Cal Stewart (b. 1856 Charlotte County, Virginia, d. December 7, 1919) was an American comedian and humorist who pioneered in vaudeville and early sound recordings. He is best remembered for his comic monologues in which he played "Uncle Josh Weathersby", a resident of a mythical New England farming town called "Pumpkin Center" or "Punkin Center".

== Biography ==
Born in Charlotte County, Virginia in 1856, he spent his early days working on the railroad with show business as a side business. After losing a finger and two toes in an accident, he quit the railroad and focused on show business. By 1897 Stewart was recording for Berliner Gramophone. He further developed the character of Uncle Josh and the other citizens of Pumpkin Center on his recordings. He wrote the song "Ticklish Reuben" in 1900. Stewart continued recording, for Edison Records, Columbia Records, the Victor Talking Machine Company, and others up until his death on December 7, 1919. He also wrote two books based on his monologues and performed in theaters across America with his wife Rossini Vrionides and her brother and sister.
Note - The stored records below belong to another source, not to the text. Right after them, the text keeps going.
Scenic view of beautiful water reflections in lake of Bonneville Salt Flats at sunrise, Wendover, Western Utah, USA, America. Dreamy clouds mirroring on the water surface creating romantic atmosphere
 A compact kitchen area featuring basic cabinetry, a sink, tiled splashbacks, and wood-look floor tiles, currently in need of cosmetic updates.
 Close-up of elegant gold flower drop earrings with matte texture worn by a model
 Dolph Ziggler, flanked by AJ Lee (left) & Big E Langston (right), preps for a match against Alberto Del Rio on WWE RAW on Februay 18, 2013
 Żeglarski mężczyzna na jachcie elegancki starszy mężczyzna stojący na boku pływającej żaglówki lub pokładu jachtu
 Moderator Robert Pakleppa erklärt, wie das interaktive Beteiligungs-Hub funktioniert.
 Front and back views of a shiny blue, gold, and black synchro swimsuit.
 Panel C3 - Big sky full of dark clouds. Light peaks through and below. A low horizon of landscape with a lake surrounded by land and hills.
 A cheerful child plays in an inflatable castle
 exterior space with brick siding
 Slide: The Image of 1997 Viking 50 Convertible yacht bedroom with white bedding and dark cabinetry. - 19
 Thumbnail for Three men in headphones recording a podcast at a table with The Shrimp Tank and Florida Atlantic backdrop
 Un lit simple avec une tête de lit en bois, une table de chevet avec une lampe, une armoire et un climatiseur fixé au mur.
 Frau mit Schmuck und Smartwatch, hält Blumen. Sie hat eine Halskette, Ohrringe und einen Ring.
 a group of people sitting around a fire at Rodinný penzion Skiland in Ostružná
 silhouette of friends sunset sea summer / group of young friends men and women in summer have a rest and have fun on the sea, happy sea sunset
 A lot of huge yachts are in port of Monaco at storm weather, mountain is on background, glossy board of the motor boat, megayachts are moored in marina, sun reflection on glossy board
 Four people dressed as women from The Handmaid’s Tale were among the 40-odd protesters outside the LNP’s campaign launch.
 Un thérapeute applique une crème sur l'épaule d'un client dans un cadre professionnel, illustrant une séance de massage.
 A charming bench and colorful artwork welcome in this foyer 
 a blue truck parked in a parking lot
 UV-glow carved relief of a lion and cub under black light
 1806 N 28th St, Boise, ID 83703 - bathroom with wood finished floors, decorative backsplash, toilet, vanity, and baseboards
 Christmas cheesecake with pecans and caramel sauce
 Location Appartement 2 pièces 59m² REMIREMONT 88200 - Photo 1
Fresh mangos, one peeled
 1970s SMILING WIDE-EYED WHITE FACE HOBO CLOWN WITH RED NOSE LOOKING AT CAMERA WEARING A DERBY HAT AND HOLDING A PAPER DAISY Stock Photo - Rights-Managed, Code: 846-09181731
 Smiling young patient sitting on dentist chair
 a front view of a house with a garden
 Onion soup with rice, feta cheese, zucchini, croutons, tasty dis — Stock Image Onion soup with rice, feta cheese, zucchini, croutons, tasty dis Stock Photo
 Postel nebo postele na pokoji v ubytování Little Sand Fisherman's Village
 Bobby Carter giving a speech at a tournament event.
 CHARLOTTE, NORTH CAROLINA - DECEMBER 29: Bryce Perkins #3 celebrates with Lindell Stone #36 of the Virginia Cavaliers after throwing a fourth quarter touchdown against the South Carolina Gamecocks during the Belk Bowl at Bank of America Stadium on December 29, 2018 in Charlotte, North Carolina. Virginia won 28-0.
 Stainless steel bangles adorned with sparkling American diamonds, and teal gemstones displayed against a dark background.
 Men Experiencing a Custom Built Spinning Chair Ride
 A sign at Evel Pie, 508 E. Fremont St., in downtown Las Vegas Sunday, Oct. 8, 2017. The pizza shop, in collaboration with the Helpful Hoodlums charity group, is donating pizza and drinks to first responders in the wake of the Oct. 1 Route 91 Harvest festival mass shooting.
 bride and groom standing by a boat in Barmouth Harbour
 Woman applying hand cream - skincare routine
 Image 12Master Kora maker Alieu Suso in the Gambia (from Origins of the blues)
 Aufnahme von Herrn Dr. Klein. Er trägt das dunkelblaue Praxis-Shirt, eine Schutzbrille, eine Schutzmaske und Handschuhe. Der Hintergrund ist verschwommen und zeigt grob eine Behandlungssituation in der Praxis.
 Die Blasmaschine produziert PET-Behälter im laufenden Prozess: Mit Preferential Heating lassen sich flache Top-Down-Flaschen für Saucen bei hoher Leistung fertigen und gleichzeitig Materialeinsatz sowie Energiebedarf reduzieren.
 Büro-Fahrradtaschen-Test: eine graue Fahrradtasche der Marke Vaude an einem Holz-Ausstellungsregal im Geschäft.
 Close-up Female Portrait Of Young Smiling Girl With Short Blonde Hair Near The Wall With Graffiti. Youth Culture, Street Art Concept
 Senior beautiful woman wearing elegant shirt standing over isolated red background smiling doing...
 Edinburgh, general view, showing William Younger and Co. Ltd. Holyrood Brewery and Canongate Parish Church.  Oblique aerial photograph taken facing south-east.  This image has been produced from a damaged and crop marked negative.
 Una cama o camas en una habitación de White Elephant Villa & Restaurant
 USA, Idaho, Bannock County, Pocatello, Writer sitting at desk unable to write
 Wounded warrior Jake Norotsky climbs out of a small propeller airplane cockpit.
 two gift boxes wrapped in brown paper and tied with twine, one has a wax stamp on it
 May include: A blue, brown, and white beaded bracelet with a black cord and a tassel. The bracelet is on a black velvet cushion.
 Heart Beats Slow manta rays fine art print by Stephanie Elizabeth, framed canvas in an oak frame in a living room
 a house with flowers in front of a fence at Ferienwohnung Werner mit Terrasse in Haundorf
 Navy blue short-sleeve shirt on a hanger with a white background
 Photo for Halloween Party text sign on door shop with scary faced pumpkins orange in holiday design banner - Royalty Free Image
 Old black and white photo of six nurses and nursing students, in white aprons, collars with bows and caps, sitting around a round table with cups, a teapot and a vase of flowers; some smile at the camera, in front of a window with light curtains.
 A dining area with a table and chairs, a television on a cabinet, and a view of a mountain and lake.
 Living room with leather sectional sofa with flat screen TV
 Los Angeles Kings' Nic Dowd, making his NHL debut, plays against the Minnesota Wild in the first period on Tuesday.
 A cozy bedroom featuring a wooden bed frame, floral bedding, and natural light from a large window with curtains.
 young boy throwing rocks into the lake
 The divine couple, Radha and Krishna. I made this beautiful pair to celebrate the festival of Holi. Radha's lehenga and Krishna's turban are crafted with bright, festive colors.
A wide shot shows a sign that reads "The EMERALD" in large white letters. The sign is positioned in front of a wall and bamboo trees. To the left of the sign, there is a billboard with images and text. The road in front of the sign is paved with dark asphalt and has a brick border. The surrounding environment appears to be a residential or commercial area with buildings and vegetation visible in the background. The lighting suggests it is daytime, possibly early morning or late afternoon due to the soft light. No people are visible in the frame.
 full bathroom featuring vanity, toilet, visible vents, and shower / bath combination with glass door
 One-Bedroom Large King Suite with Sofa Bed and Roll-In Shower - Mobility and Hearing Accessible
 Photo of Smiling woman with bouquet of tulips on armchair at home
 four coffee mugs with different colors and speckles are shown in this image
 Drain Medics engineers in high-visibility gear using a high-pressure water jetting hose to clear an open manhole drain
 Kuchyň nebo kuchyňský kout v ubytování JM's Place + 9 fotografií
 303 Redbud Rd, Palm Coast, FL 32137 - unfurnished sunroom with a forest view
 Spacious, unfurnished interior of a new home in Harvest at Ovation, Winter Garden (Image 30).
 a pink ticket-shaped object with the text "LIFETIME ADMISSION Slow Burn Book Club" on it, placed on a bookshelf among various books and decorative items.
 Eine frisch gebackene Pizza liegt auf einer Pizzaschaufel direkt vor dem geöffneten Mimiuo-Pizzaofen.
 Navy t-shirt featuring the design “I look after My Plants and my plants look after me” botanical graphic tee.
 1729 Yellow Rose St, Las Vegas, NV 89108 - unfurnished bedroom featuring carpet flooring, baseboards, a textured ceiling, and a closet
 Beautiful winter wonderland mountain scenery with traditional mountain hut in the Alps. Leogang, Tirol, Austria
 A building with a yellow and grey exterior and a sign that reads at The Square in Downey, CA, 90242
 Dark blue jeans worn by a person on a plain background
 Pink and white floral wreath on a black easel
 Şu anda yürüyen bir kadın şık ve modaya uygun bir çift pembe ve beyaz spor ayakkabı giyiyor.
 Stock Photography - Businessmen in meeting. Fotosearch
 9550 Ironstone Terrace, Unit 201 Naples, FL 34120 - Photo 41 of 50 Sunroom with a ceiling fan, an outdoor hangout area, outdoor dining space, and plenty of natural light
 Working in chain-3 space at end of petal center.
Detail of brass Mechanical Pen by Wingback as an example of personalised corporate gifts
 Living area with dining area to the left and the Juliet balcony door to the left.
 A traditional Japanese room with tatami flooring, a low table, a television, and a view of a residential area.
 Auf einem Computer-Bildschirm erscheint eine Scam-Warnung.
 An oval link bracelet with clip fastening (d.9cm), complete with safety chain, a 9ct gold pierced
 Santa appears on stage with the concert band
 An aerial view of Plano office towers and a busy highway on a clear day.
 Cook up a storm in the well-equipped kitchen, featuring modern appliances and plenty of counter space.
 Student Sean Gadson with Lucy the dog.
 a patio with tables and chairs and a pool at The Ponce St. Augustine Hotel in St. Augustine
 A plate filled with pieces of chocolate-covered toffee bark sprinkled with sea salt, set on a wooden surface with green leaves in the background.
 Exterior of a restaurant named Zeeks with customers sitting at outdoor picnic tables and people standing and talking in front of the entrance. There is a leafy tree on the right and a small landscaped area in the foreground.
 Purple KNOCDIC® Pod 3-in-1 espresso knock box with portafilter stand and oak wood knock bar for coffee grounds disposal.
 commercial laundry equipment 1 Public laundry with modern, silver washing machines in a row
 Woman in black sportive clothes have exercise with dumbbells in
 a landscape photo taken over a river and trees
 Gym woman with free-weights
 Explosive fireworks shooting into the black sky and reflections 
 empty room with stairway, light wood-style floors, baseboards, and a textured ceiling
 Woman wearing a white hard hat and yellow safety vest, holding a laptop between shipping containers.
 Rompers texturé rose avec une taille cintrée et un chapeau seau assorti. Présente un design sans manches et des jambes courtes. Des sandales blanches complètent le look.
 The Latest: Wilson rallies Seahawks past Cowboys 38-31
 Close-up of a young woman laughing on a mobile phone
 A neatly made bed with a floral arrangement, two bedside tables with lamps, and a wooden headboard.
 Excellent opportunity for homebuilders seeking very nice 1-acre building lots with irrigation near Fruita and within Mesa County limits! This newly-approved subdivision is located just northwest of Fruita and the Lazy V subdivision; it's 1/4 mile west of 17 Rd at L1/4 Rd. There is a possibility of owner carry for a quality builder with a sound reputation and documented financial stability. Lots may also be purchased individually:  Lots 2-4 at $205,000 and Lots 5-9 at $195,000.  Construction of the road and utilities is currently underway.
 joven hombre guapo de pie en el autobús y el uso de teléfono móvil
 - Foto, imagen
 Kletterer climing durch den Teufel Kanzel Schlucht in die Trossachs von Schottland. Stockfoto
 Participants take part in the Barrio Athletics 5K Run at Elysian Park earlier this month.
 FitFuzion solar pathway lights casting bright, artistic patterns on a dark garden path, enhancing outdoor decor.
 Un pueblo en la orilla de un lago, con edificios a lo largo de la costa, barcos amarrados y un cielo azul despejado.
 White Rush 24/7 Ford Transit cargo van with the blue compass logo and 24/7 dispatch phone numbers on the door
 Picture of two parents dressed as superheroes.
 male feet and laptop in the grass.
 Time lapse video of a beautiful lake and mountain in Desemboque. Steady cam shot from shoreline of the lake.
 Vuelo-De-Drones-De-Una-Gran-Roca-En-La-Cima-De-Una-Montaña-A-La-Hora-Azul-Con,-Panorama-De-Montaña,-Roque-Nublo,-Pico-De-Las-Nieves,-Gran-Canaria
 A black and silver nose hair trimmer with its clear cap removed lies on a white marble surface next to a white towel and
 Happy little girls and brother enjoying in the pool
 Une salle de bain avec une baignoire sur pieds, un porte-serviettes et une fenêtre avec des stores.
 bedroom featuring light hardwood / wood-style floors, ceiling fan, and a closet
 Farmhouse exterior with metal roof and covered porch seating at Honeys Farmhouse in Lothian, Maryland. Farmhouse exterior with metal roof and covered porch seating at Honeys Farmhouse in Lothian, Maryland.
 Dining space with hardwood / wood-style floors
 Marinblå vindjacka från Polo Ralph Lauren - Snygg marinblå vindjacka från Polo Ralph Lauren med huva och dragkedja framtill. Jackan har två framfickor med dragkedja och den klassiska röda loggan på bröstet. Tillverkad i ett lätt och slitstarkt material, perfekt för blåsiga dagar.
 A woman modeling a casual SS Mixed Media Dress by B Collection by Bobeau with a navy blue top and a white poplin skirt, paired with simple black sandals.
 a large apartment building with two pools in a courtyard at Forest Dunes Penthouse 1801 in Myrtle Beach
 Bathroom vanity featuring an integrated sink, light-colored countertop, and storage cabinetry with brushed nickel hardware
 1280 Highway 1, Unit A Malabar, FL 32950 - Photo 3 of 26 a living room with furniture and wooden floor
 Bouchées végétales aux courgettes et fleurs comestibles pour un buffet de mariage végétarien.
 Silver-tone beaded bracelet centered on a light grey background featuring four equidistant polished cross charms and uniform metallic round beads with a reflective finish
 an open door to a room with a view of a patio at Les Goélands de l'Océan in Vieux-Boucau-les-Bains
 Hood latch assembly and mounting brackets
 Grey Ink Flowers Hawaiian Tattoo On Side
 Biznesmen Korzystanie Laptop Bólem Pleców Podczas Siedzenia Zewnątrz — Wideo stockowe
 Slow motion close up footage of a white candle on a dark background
He is buried in Fairview Cemetery in Tipton, Indiana. Stewart is represented on the 2007 compilation Actionable Offenses: Indecent Phonograph Recordings from the 1890s and The Indestructible Uncle Josh. One his many renditions of the Uncle Josh and the Insurance Company routine was added to the National Recording Registry in 2006.

==Legacy==
The degree of his popularization of “Pumpkin Center” as a town name is suggested by the fact that there are at least 31 communities in the U.S. named Pumpkin Center scattered across 16 states, including Alabama (3), Arizona (2), California (2), Florida, Georgia, Indiana (2), Kentucky, Louisiana, Maryland, Missouri (2), Mississippi, North Carolina (3), Oklahoma (4), South Dakota, Tennessee (3) and Virginia (2).